======== SOURCE MATERIAL ========

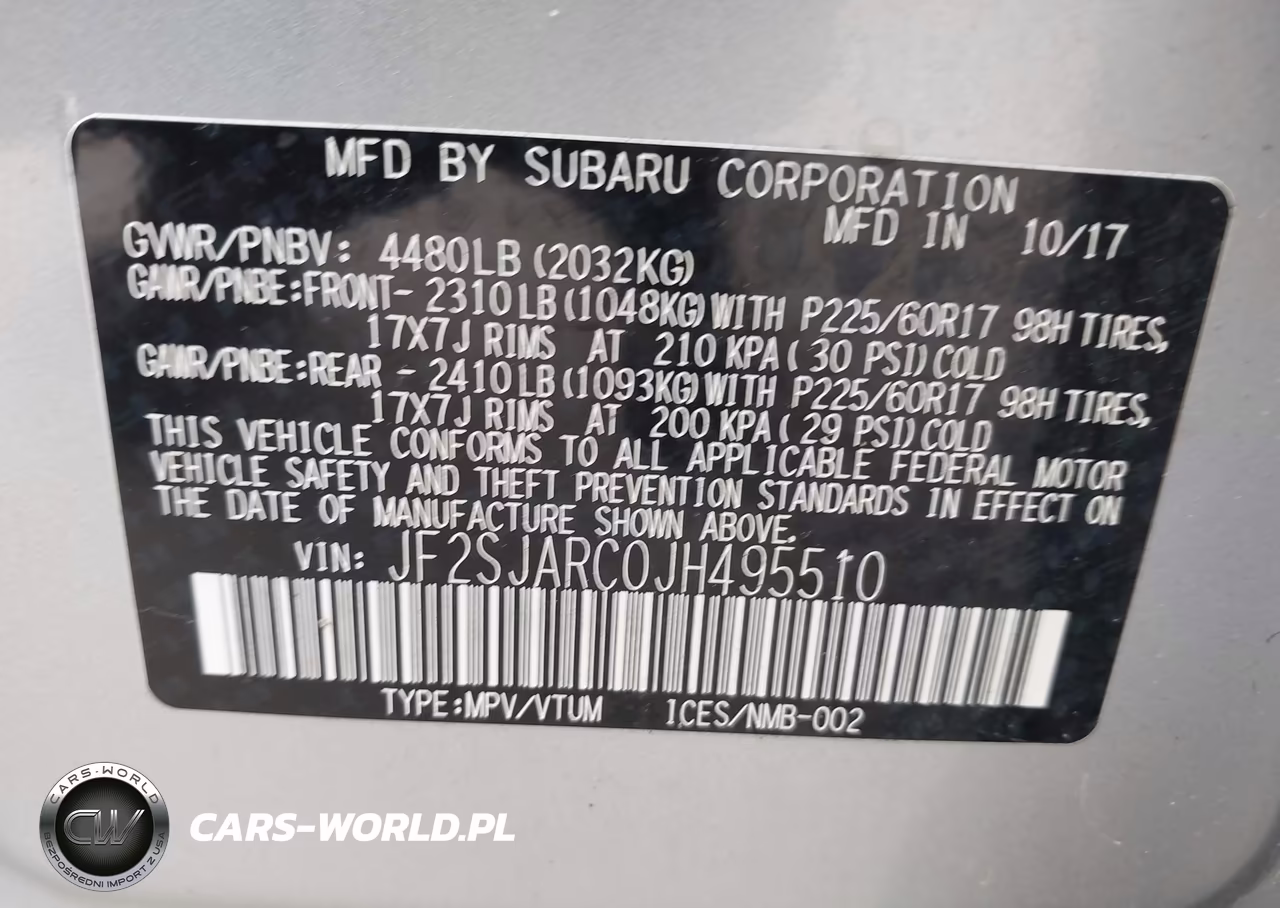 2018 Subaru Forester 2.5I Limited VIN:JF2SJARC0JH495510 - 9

========
======== SOURCE MATERIAL ========

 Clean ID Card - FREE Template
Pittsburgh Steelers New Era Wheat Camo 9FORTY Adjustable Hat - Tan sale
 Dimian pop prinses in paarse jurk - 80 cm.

========
======== SOURCE MATERIAL ========

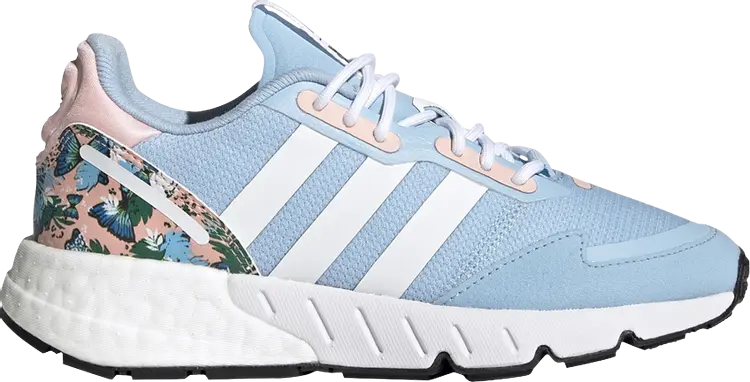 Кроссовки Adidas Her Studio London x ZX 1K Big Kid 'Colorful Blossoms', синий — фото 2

========

Once you find the line with "Pittsburgh Steelers New" in the entries above, output it and each line after it up to and including the line with "Dimian pop prinses in paarse jurk - 80 cm.", and nothing else.

### YOUR RESPONSE
Pittsburgh Steelers New Era Wheat Camo 9FORTY Adjustable Hat - Tan sale
 Dimian pop prinses in paarse jurk - 80 cm.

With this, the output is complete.